How brain activity can lead to complex and flexible behavioral outputs has fascinated neuroscientists and philosophers alike. There is mounting evidence that complex behaviors result from the activity of a multitude of simpler (sometimes competing) circuits. Yet, our understanding of even the simplest circuits remains spotty, in part because available technology has limited researchers to studying only one or a few aspects of a circuit at a time. We stand at the cusp of a revolution in recording and imaging technology that will ultimately allow us to investigate comprehensively how the fundamental biological building blocks of the human brain are constructed and fit together. Even now, the limitations mentioned no longer apply to certain less complex, more experimentally approachable brains. These provide attractive stepping stones for understanding our own complex brain.

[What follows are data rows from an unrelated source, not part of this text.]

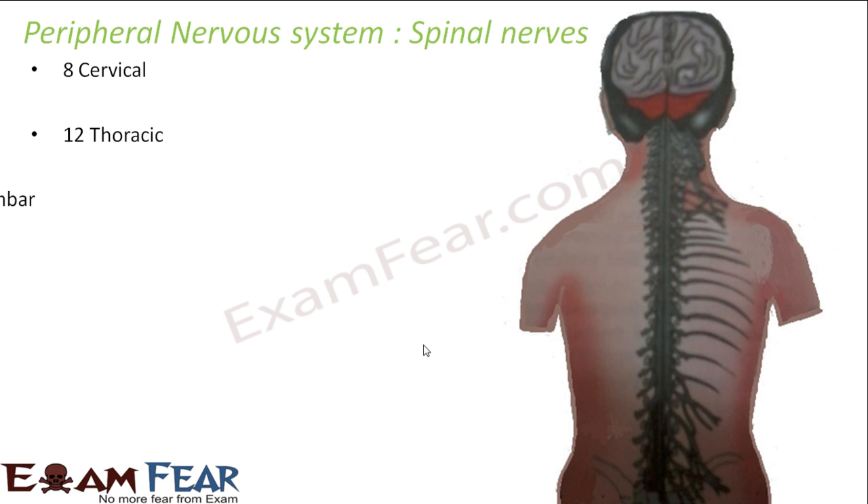So in this, we have a category of five different types of nerves. There exist eight cervical nerves, twelve thoracic nerves, five lumbar nerves, five sacral nerves, and one coccygeal nerve. So let us quickly look at the location of each of these nerves.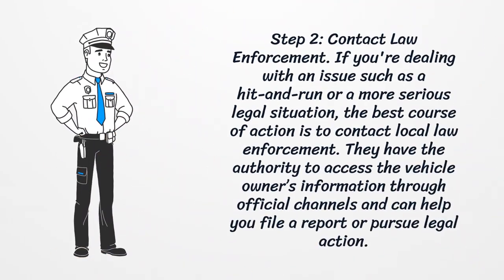Step 2: Contact Law Enforcement. If you're dealing with an issue such as a hit-and-run or a more serious legal situation, the best course of action is to contact local law enforcement. They have the authority to access the vehicle owner's information through official channels and can help you file a report or pursue legal action.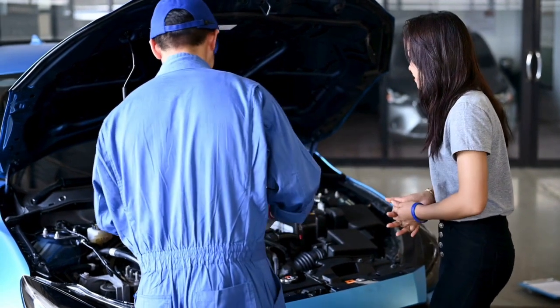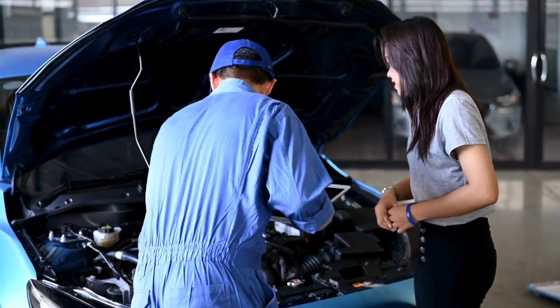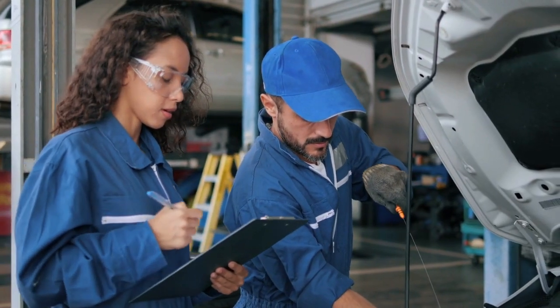What are the symptoms of fault P0641? The engine fails, reduced fuel economy, increase in emissions, rough idle, stalling, and hesitation.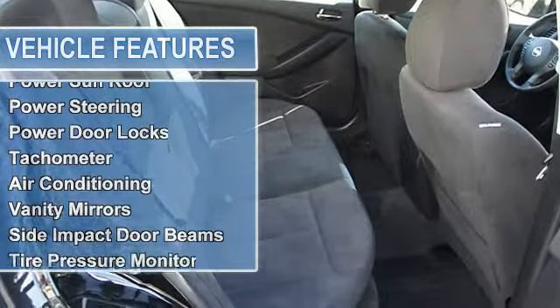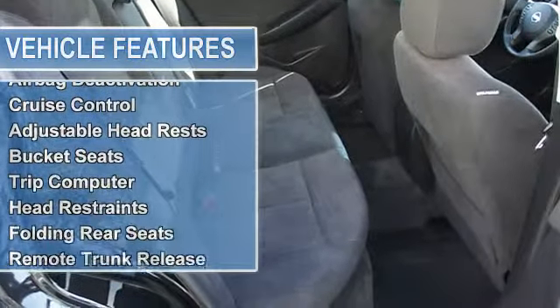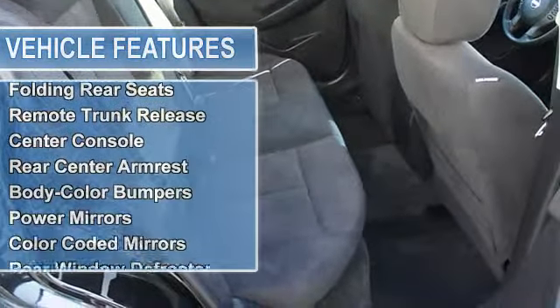Save money at the pump knowing this Altima gets 32 mpg. Please call to confirm that this Altima is still available. Call us today to schedule a hassle-free test drive.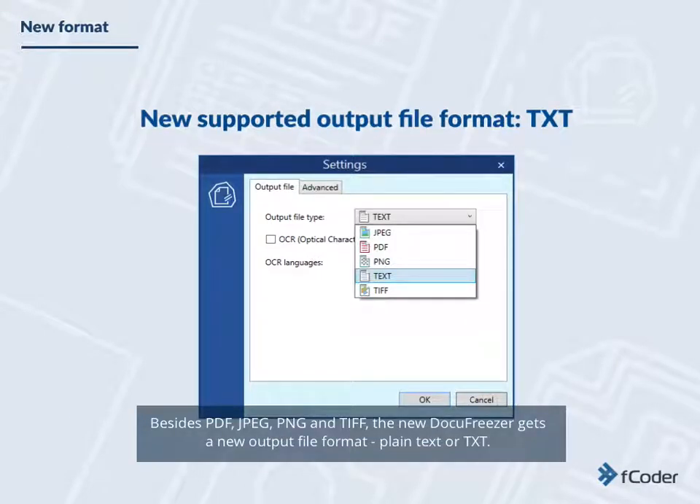Besides PDF, JPEG, PNG, and TIFF, the new Docufreezer gets a new output file format: plain text, or TXT.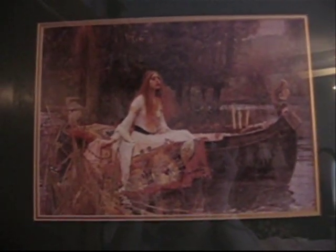Number four is just this little box I have. It looks Victorian. And number five is also a painting — this is The Lady of Shalott, and in A Great and Terrible Beauty, they talk about her with Miss Moore.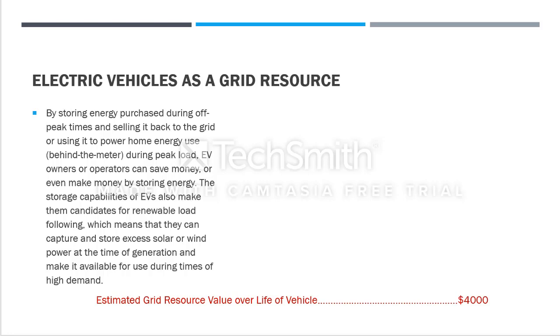The solution is to store energy purchased during off-peak times and sell it back to the grid — or use it to power your home — during peak load periods. At night when everyone is sleeping, no one is using much electricity, so you charge your vehicle then. During high peak times you sell that energy back to the grid at the current higher price and earn some profit.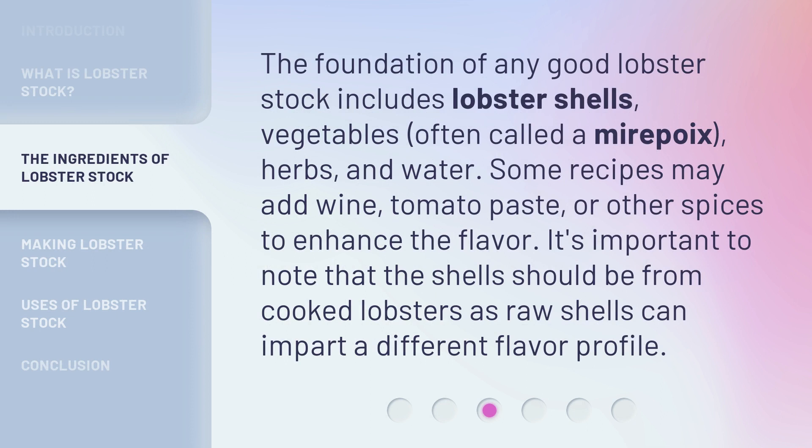The foundation of any good lobster stock includes lobster shells, vegetables — often called a mirepoix — herbs, and water. Some recipes may add wine, tomato paste, or other spices to enhance the flavor. It's important to note that the shells should be from cooked lobsters, as raw shells can impart a different flavor profile.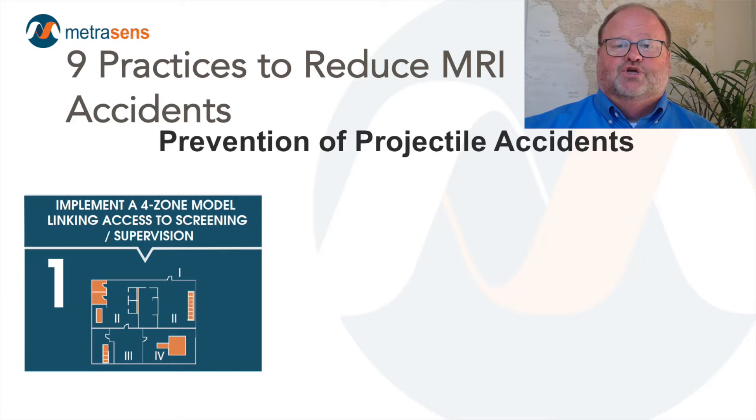Number one, our first method of projectile injury prevention is achieved by limiting access to the MRI room itself. The goal is to reduce the chance of injuries by reducing the number of untrained individuals that previously may have had access to the MRI room. By implementing a four-zone scheme that limits access to each zone by level of screening and supervision, we can essentially lock out people that may not have had the training to be safe in the MRI room, now known as Zone 4. The adoption of the American College of Radiology's four-zone system has eliminated countless accidents by limiting access to those who are MRI safety trained, or to those under the supervision of those who are MRI safety trained.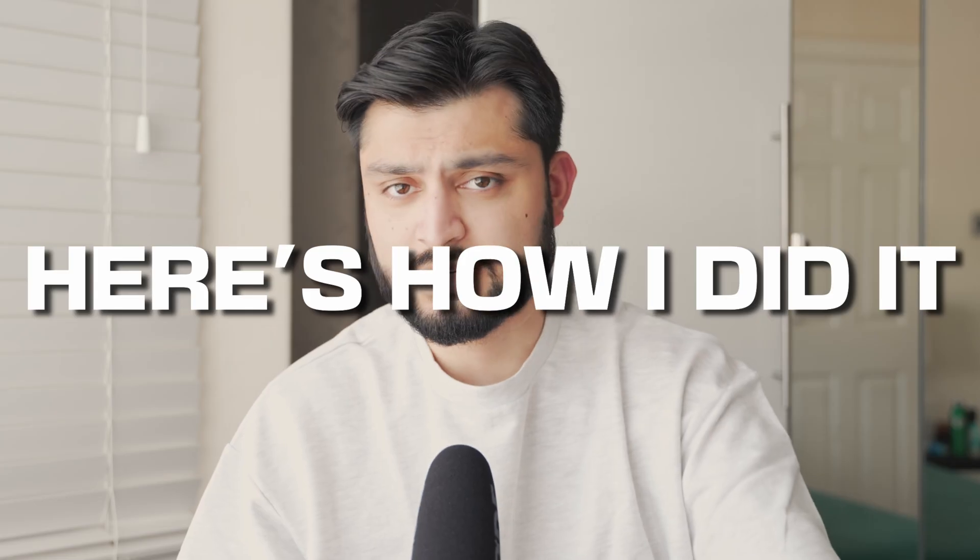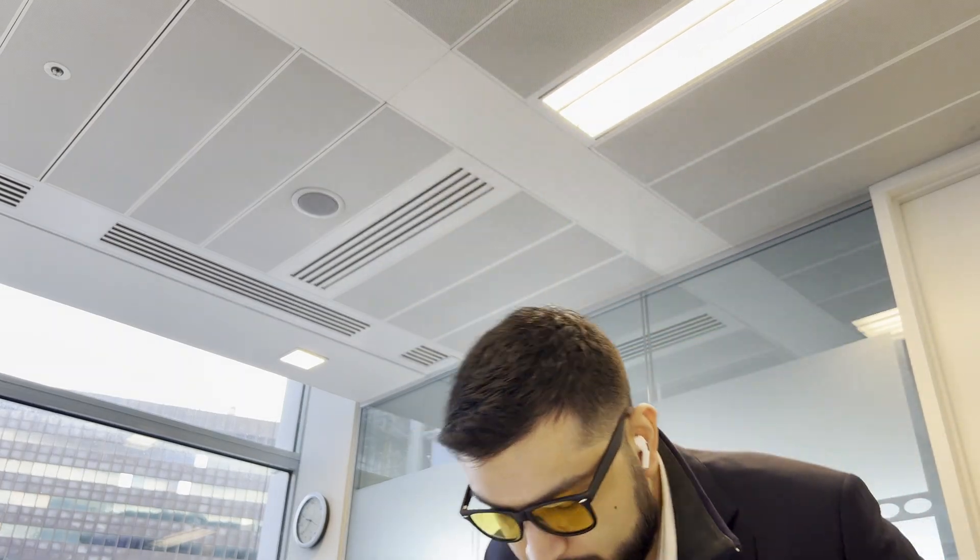So I became a senior data analyst in just over two years. Here's how I did it. I went into a junior data analyst role straight out of university, went straight from junior analyst, skipped the data analyst part, and went straight into senior analyst.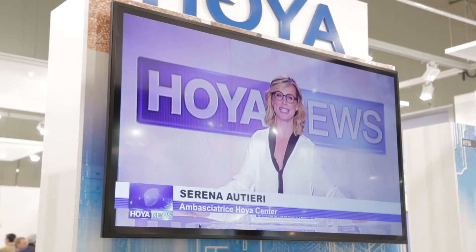La grande novità è sicuramente la campagna OIA Center con Serena Utieri. È stato un grande successo l'anno scorso con il suo charme, la sua rassicurazione, e ha portato risultati molto interessanti per i clienti OIA Center che sono cresciuti più del doppio del mercato.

The relatively simple nervous system of the European medicinal leech will be used to develop insights about how the activity of all the cells in a nervous system together produce individual behaviors from overlapping functional networks, a phenomenon that—at a much larger scale and undoubtedly with many complexities added—is also crucial to human brain function.
Three types of experiments will be performed:
Obtaining a simultaneous activity record of all the individual neurons in a ganglion as it generates several behaviors will be a first. Combining this record with the reconstructed connectome of that very same ganglion will establish a data set with unprecedented potential for advancing our understanding of the link between neuronal connectivity and behavior. A particular focus will be on neurons and synaptic connections that span multiple behavioral circuits, to determine their roles in selecting behaviors.
Obtaining information from the environment to guide behavior is one of the most fundamental functions of nervous systems. Most animals combine cues from multiple sensory modalities to gain information about their environments. When individual cues are not 100% reliable, combining cues greatly aids decision making and it makes behavior more robust under variable circumstances. My lab studies the neuronal basis for such ``multisensory integration'' in the medicinal leech Hirudo verbana. Hirudo is an obligate sanguivore that preferentially feeds on mammalian blood. It lives on the bottom of shallow ponds. When a mammal steps into the water and splashes around, the leech will swim toward the source of the disturbance to find its prey. Leeches can find their prey in total darkness, relying on water-wave sensors on their skin. Remarkably, they can also find their prey using sensory stimuli alone: when placed in a shallow tank, they will swim toward a disturbance in a second tank placed above theirs but mechanically isolated from it. Under more general circumstances, cues from both modalities are available, and leeches must either combine the two modalities, or decide which one is more reliable and selectively ignore the other. The goal of my lab is to find out how their nervous system solves this challenge and produces a coherent decision for subsequent motion.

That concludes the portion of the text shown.